Да просто хочу обмануться…
— Ты его любишь?
— Я не знаю, что такое любовь… — медленно сказала Аделаида. — Когда я смотрю на него, когда я думаю о нем. Я чувствую, как моя душа обретает крылья, я чувствую в себе неодолимую потребность создать что-то великое… Он — мое вдохновение. Это любовь?
— И. ты до сих пор это чувствуешь? Несмотря на то, что он колдун и вообще… может, жен своих убил?
— Кто сказал, кто вдохновение непременно питается из светлого источника? К тому же… Я никогда не верила в магию и колдовство, хотя мне так хотелось поверить… А если он действительно колдун… Это ведь так интересно!
— И тебе не страшно?
Страшно, — вздохнула Адель и пододвинувшись ближе, обняла сестру. — Мне очень страшно, Бьянка.
На землю нескончаемым потоком рушился ливень, осенне-холодные серые струи смывали горизонт, делая будущее еще более неясным, Адель сочла бы это плохой приметой, если бы только все не было очевидно и без примет. Дороги размыло в болото, два шага от подножки кареты до церковного крыльца предстояло сделать по луже, на что Аделаида решилась не сразу. Жених в траурно-черной одежде подал ей руку. Следом из кареты выскочила женихова псина.
Раннее утром Теодор вышел встречать барона с дрыном в руке, но упал в обморок прежде, чем Аделаида успела отнять, как раз ей на руки.

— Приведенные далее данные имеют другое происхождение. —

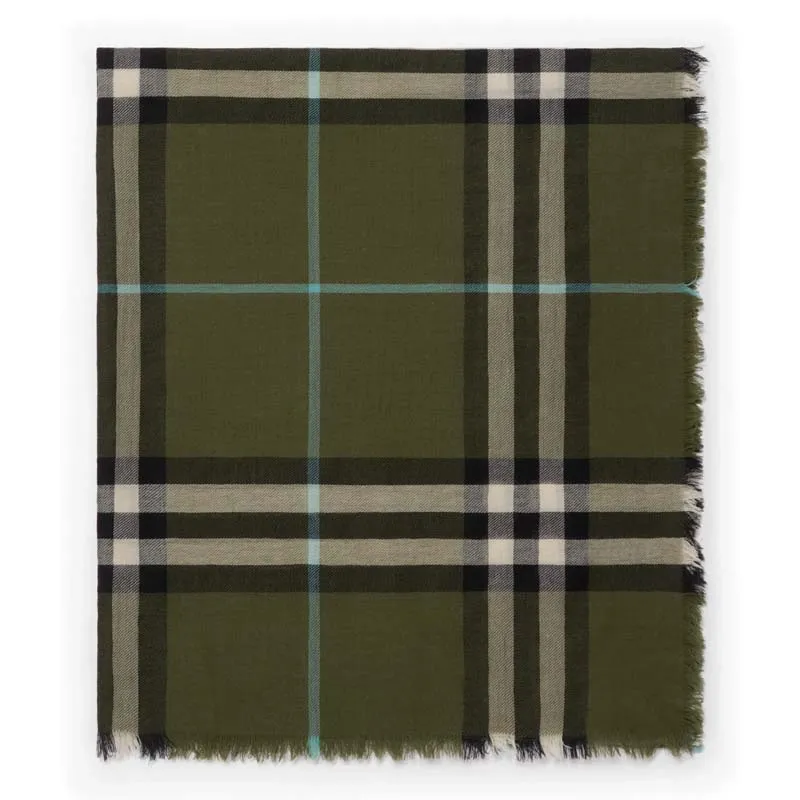 Burberry Knit Scarves Women's Green-1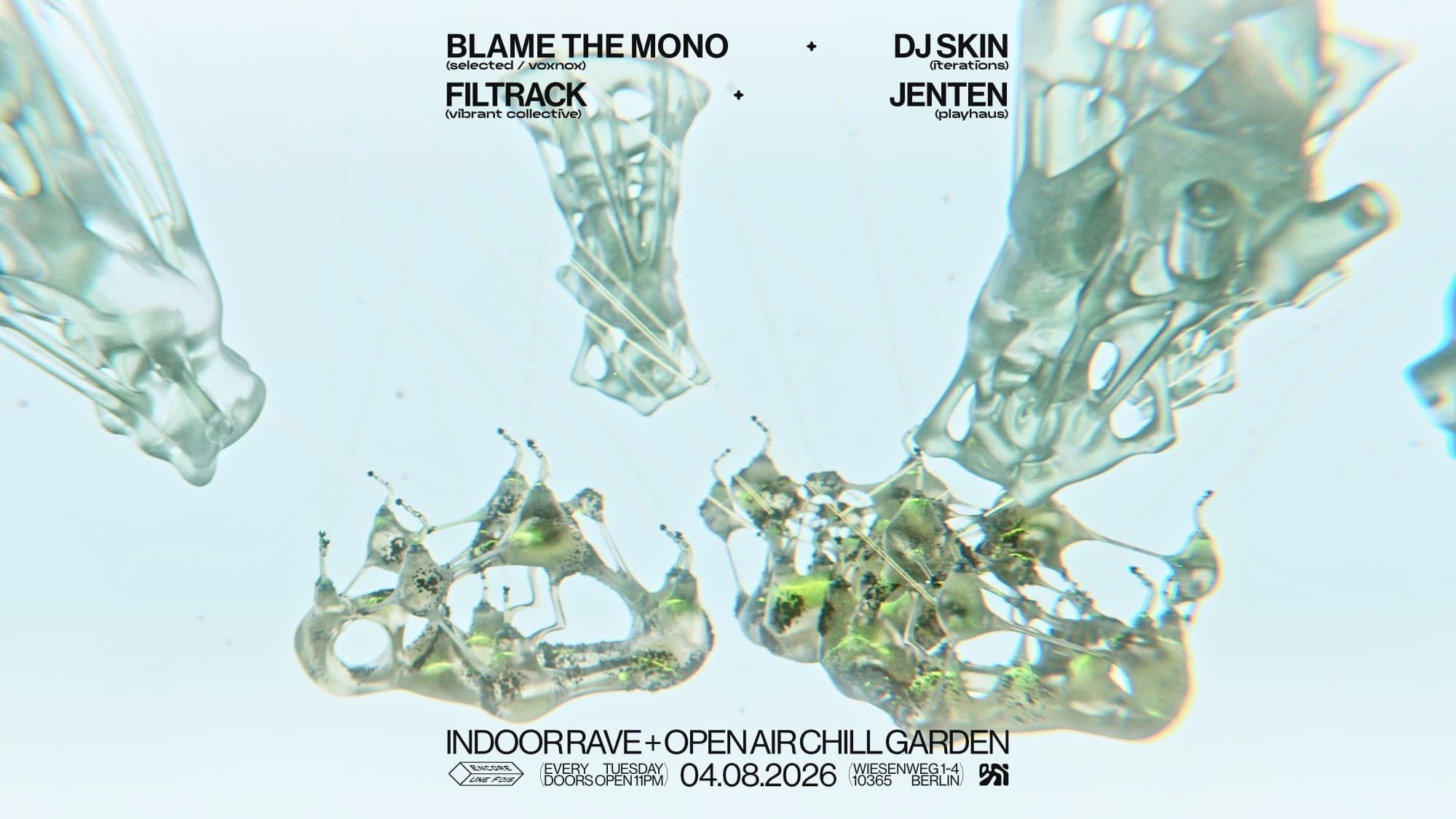 ✦encore.une.fois✦ / INDOOR RAVE + OPEN AIR CHILL GARDEN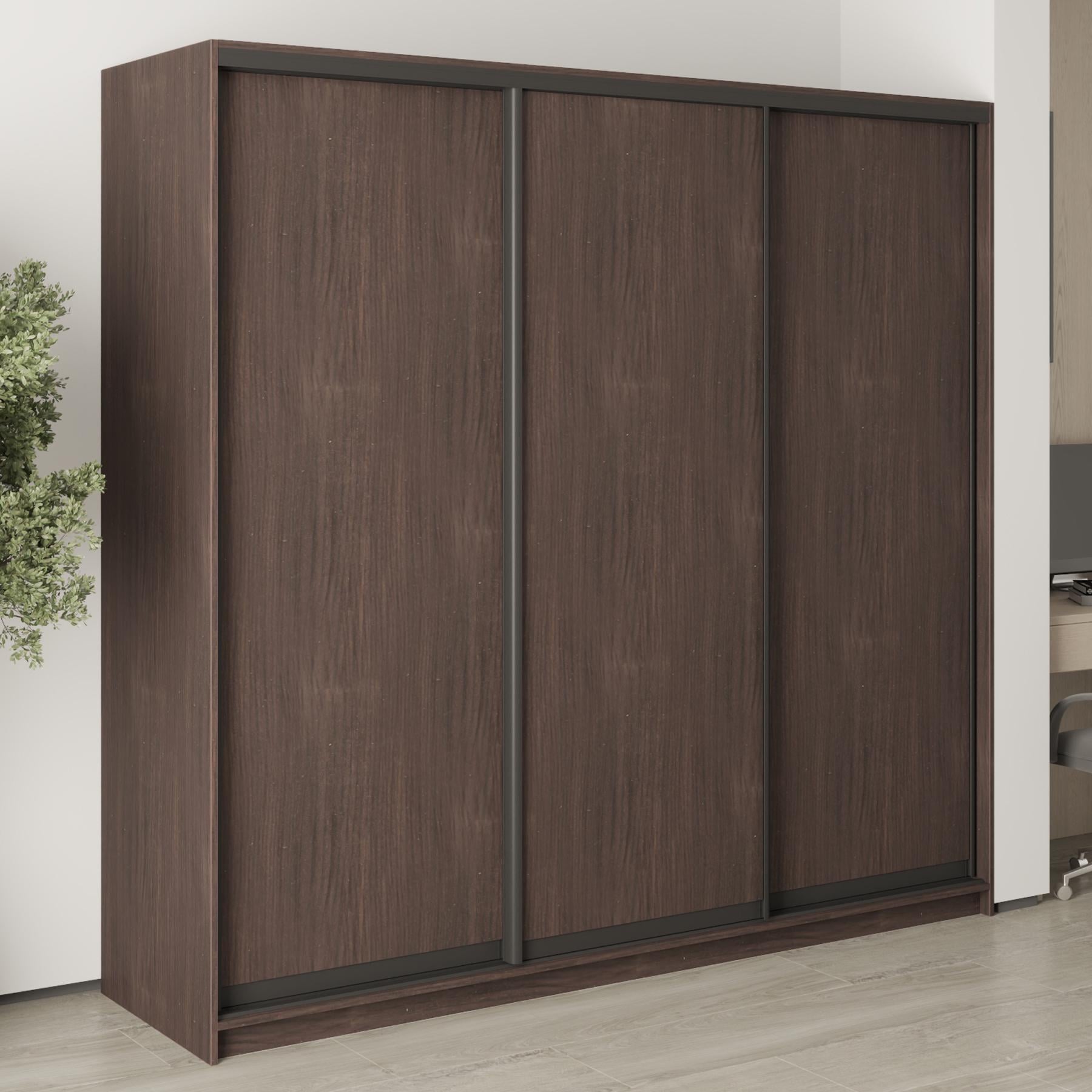Шкаф-купе трехдверный MebelStar Стандарт BG 3ДСП 220x45x210 см Дуб ристрето (MBS-8296) Шкаф-купе трехдверный MebelStar Стандарт BG 3ДСП 220x45x210 см Дуб ристрето (MBS-8296)
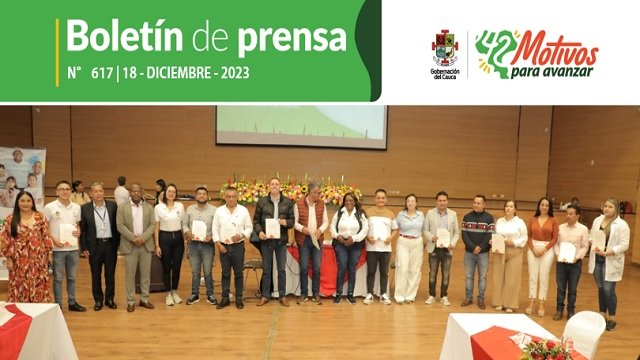 Boletin de Prensa No 617 Gobernacion del cauca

— Я вас убью! — закричала Адель после того, как убедилась, что отец жив и дышит.
— Он вскоре очнется, — хладнокровно сказал жених, ничуть не удивленный столь негостеприимным приемом. — Давайте помогу затащить его в дом. Видите, как губительно сказывается на здоровье попытка не сдержать данное мне обещание?
— То есть это вы сделали! Вы признаетесь!
— Признаюсь — в чем?
— Убью! — злобно шипела Адель и трясла отца, пытаясь привести его в чувство. Мама прибежала с нюхательными солями, Бьянка — с кружкой холодной воды.
Вы приносите в наш дом горе! — крикнула мама барону отчаянно.
— Напротив, я у вас его забираю, — кивнул Себастьян на Аделаиду.